Create a task (TaskCreate) for every item below. Mark each `in_progress` before starting it, `completed` after finishing. Do not skip items or batch them.

- [ ] Ask user for analysis goal (or confirm from context)
- [ ] Ask user for effort level
- [ ] Estimate corpus size (use Bash `wc -c` for character counts)
- [ ] Compute layout (run compute_layout.py or use Bash `python3 -c "..."` — never mental math)
- [ ] Generate critic-to-segment assignment table (use `python3 -c "..."`)
- [ ] Create temp directory with `segments/`, `workers/`, `critics/` subdirectories
- [ ] Enter plan mode and write orchestration plan with diagram, assignment tables, and file layout
- [ ] Exit plan mode and get user approval
- [ ] Create all subagent tasks (one per Worker, Critic, Summarizer) with dependencies
- [ ] Launch Workers in parallel; verify output files exist with `ls`
- [ ] Launch Critics in parallel; verify output files exist with `ls`
- [ ] Launch Summarizer; verify output file exists
- [ ] Return report path to user

Overview

This skill orchestrates a simple two-stage fan-out analysis for corpora that exceed a single agent's effective context. It splits the corpus across parallel Worker subagents, routes Worker outputs to Critic subagents for independent reviews, and then synthesizes everything with a single Summarizer while tracking tasks and handling failures. The workflow produces explicit files and an auditable orchestration plan before any work begins.

How this skill works

The skill computes a layout (segments, Workers, Critics) from corpus size and an effort-level choice, creates a temp workspace with absolute paths, and writes a plan that includes a fan-out diagram and assignment tables.
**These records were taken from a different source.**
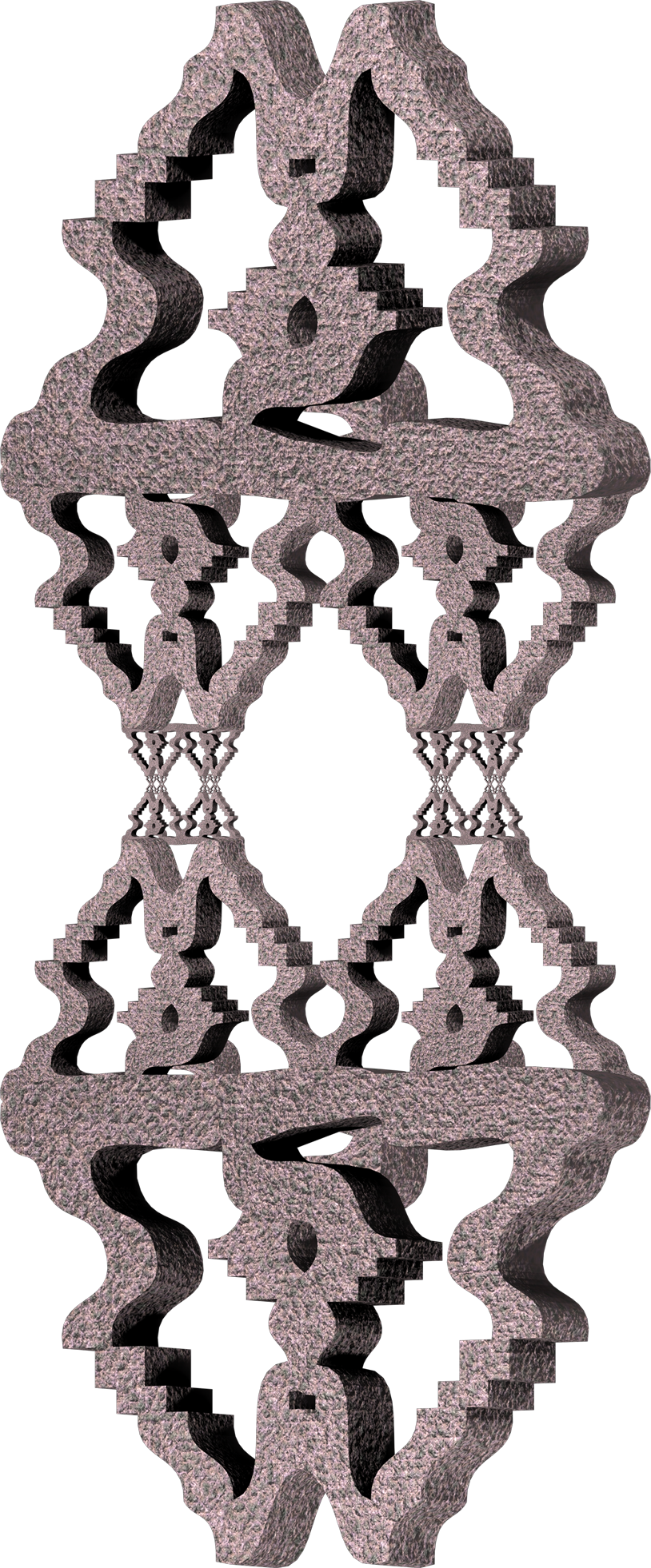 Hidden Material Coded Translucent Goop Code In Texture, - Chair (814x1962), Png Download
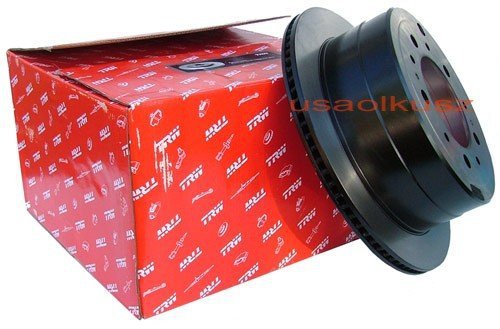 Tarcza hamulcowa tylna Lexus LX470 1999-2006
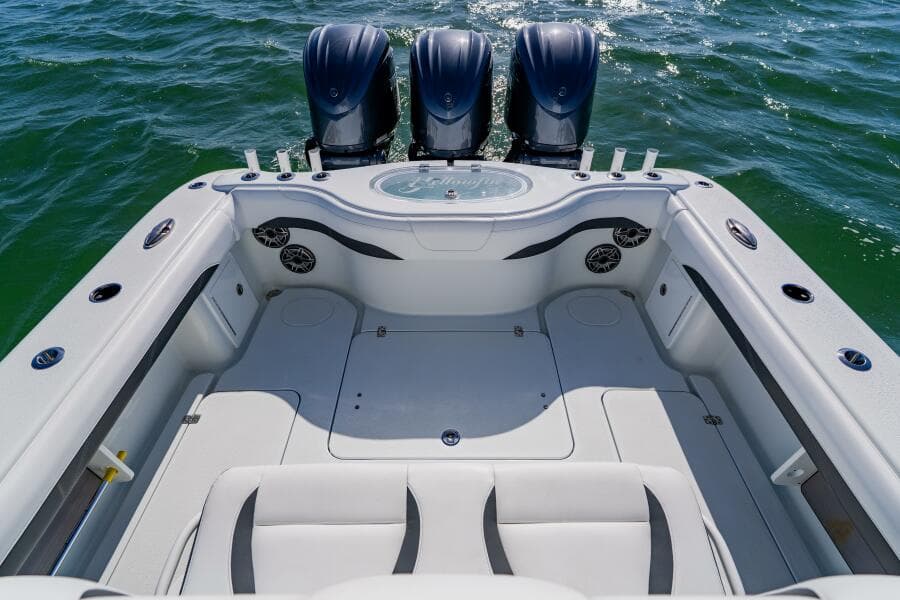 2025 Yellowfin 36 Offshore
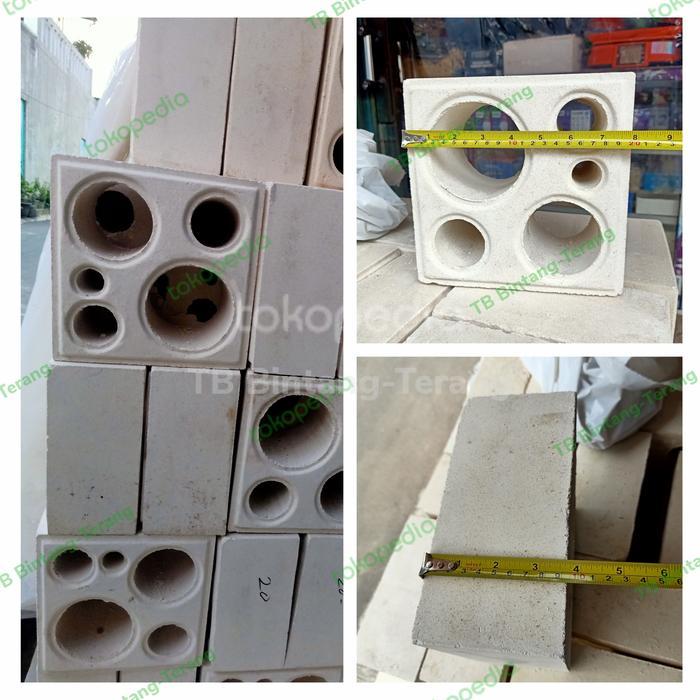 ROSTER LOSTER BETON MINIMALIS JALUSI LUBANG ANGIN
It then creates tasks for every Worker, Critic, and the Summarizer, launches Workers in parallel, verifies outputs, launches Critics in parallel, verifies outputs again, and finally runs the Summarizer to produce the final report. Built-in failure recovery handles context-limit splits, missing outputs, and stuck agents.

When to use it

  • Analyzing large text, code, or data collections that exceed one agent's context window
  • When you want redundant independent reviews of each segment to reduce missed items
  • When you need an auditable, file-backed orchestration with explicit task dependencies
  • When you need a repeatable pipeline that can recover from agent failures
  • When you want a short, controlled burst of parallelism rather than continuous streaming

Best practices

  • Confirm the analysis goal and choose an effort level before computing the layout
  • Provide file paths so token estimates can be calculated with wc -c or the bundled script
  • Always use absolute paths in prompts and plan documents
  • Create all tasks and dependencies up front; do not launch subagents until the plan is approved
  • Use the split-on-failure rules (append a/b) for context-limit problems rather than blind retries

Example use cases

  • Codebase review: split thousands of source files into segments, detect patterns and hotspots
  • Literature survey: analyze a large corpus of papers, have critics flag gaps, then synthesize findings
  • Log analysis: partition massive log archives for parallel anomaly detection and consolidated reporting
  • Policy audit: run independent critics on each policy segment to surface contradictions before final summary

FAQ

How do I pick an effort level?

Choose 'Some effort' for most runs, 'A lot of effort' when thoroughness matters, and 'Herculean effort' when missing anything is unacceptable. I can recommend one based on your corpus size and goals.

What happens if a Worker hits a context limit?

Split the worker's segments into two new Worker tasks (W03a/W03b), create tasks with the same dependencies, mark the original completed, and launch the new Workers.